Material for the task:
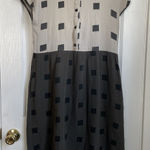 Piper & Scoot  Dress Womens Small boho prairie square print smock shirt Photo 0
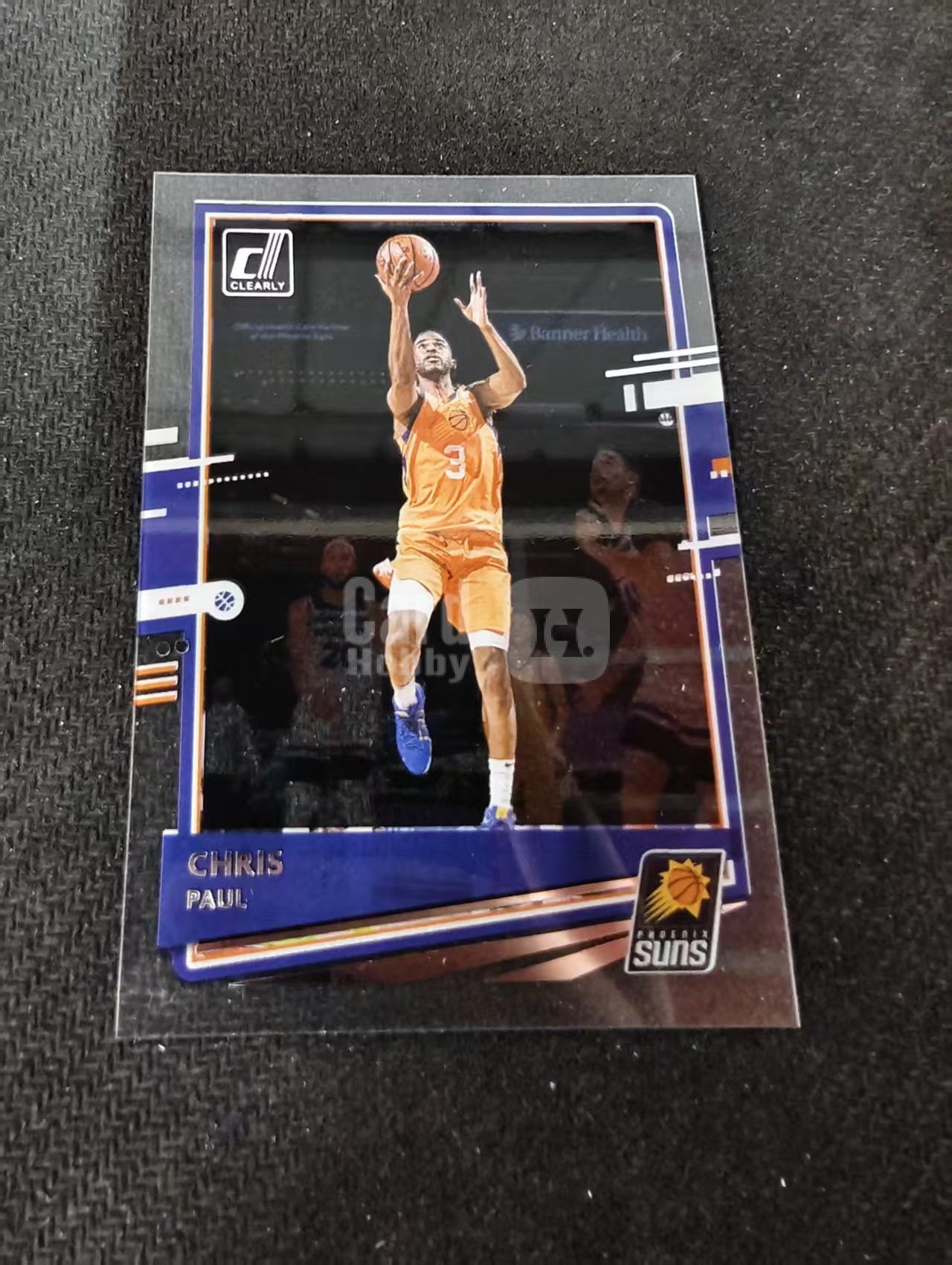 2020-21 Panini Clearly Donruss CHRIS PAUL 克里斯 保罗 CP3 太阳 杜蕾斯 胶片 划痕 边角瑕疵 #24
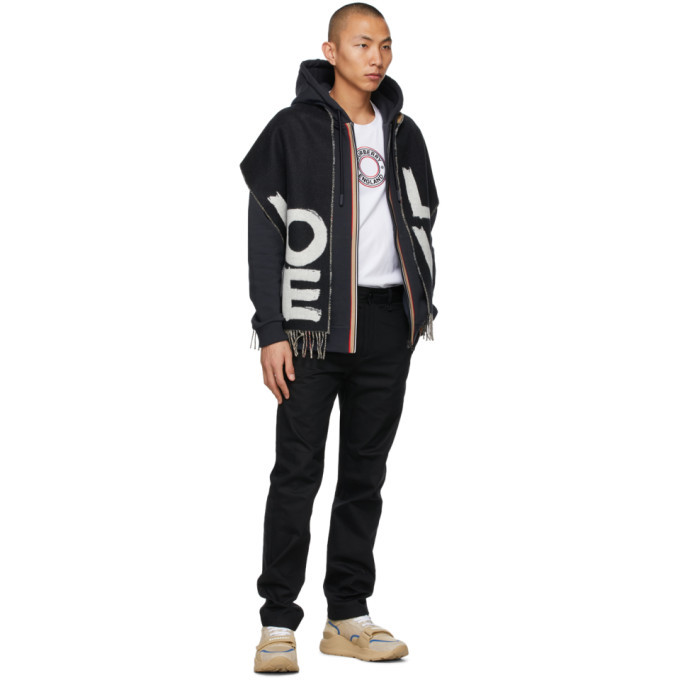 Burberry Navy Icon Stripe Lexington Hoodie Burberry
--
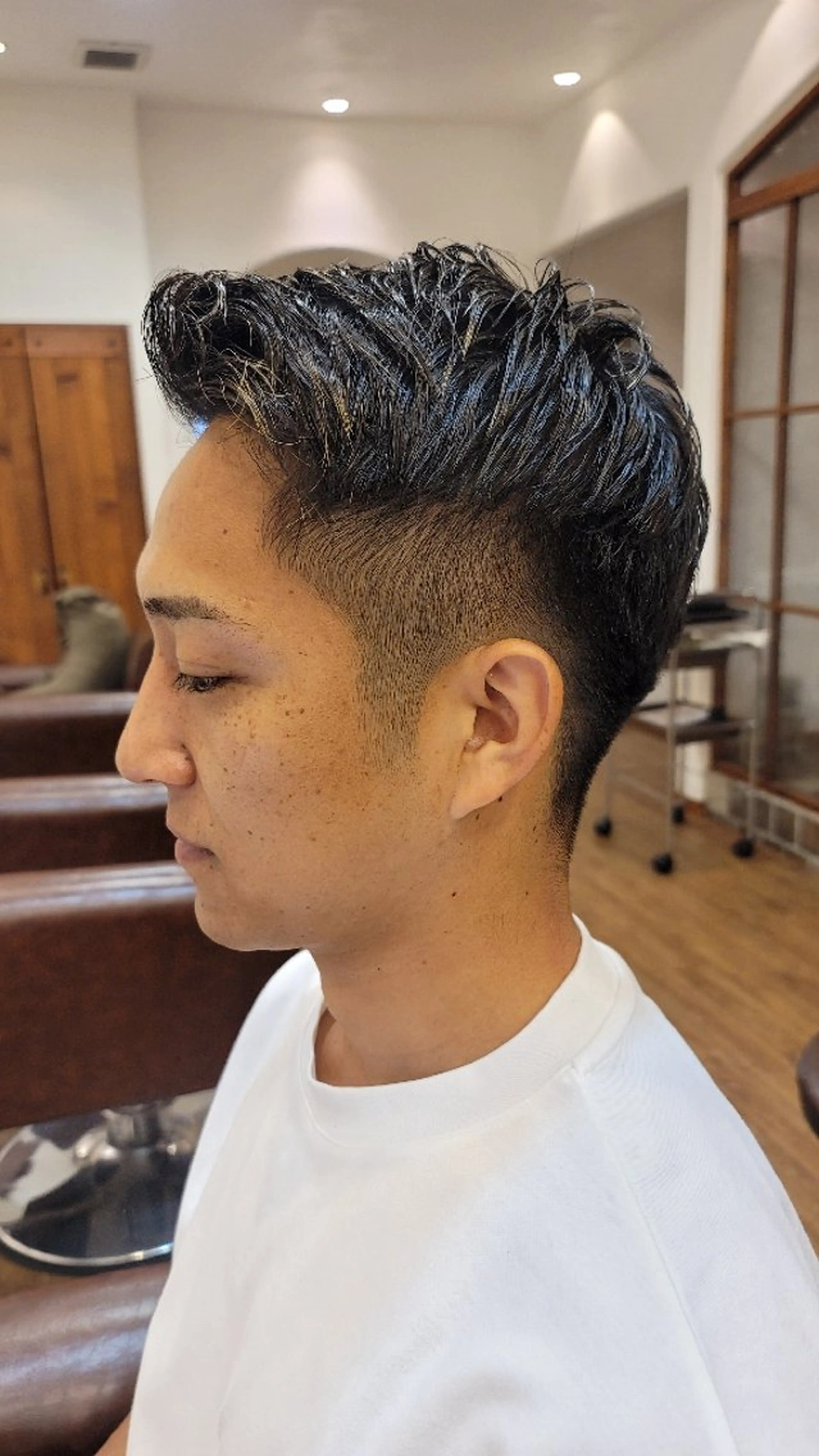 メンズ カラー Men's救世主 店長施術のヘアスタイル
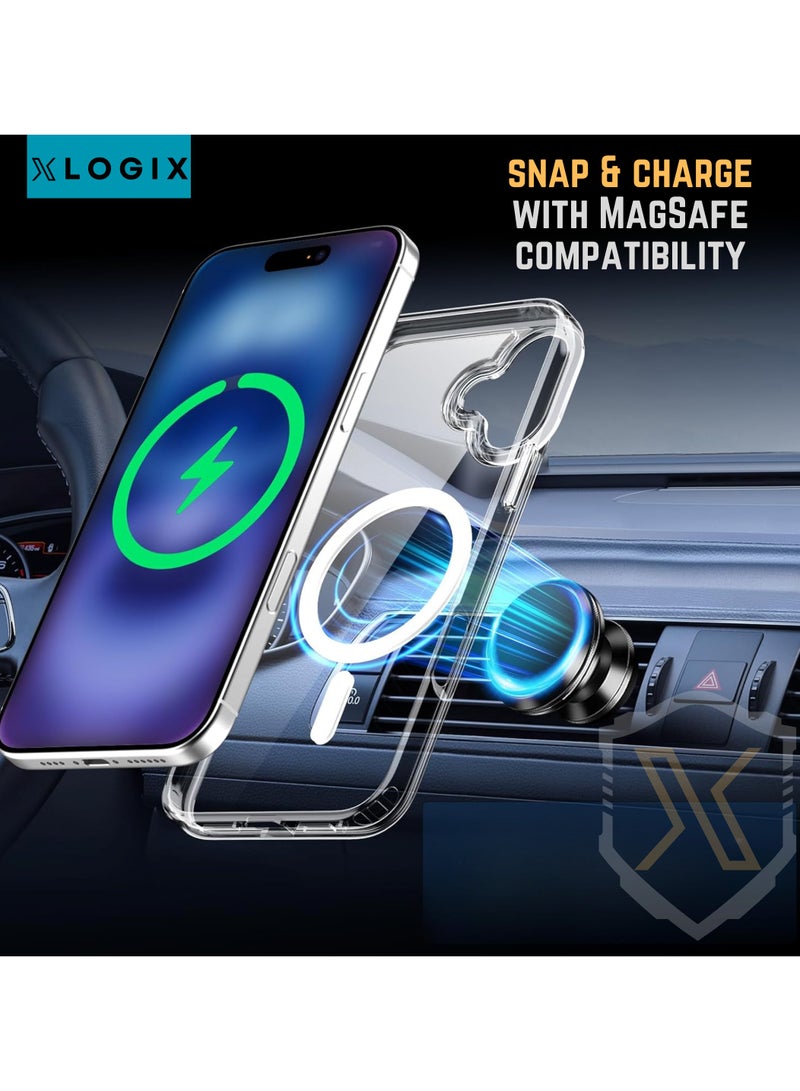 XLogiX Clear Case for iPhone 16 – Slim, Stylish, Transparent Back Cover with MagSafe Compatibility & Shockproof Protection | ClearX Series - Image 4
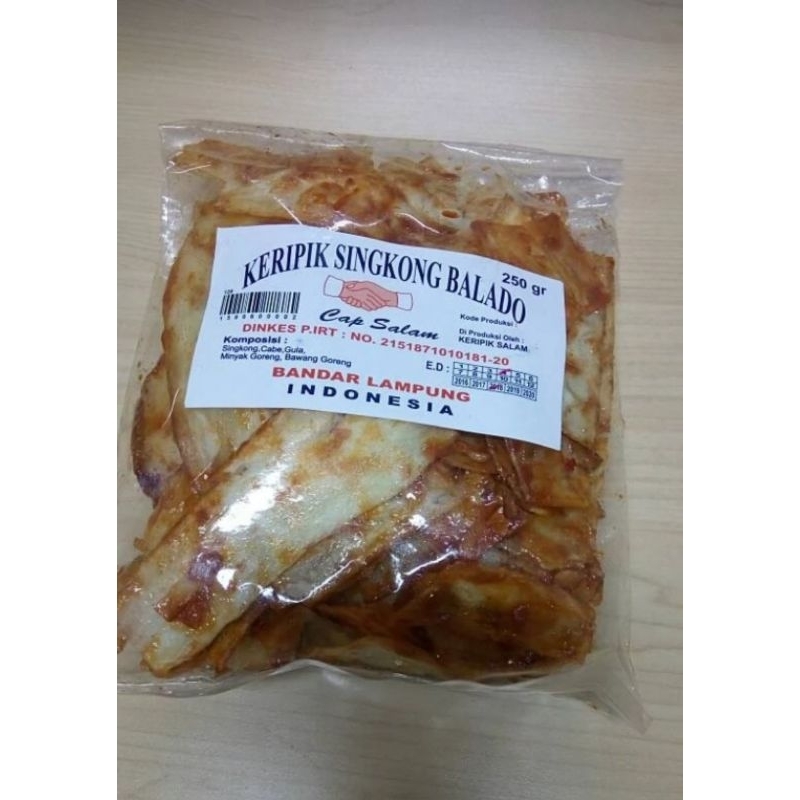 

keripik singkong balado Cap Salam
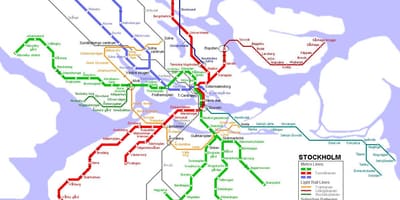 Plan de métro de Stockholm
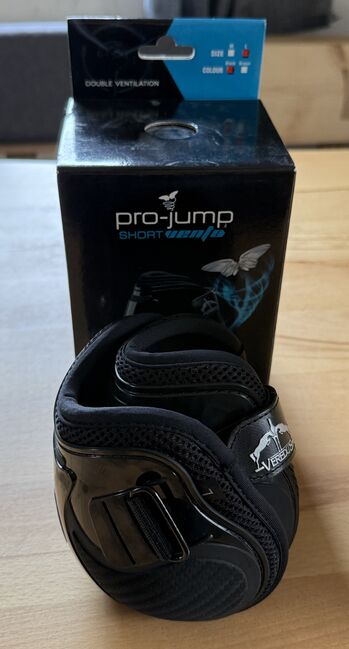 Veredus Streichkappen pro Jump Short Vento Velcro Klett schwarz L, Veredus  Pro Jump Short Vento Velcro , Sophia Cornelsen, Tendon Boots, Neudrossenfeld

Task instructions:
Output exactly, and only, the lines of the entries above from the one with "Piper & Scoot" up to and including the one with "Burberry Navy Icon"; pictures are to be left out.

Solution:
 Piper & Scoot  Dress Womens Small boho prairie square print smock shirt Photo 0
 2020-21 Panini Clearly Donruss CHRIS PAUL 克里斯 保罗 CP3 太阳 杜蕾斯 胶片 划痕 边角瑕疵 #24
 Burberry Navy Icon Stripe Lexington Hoodie Burberry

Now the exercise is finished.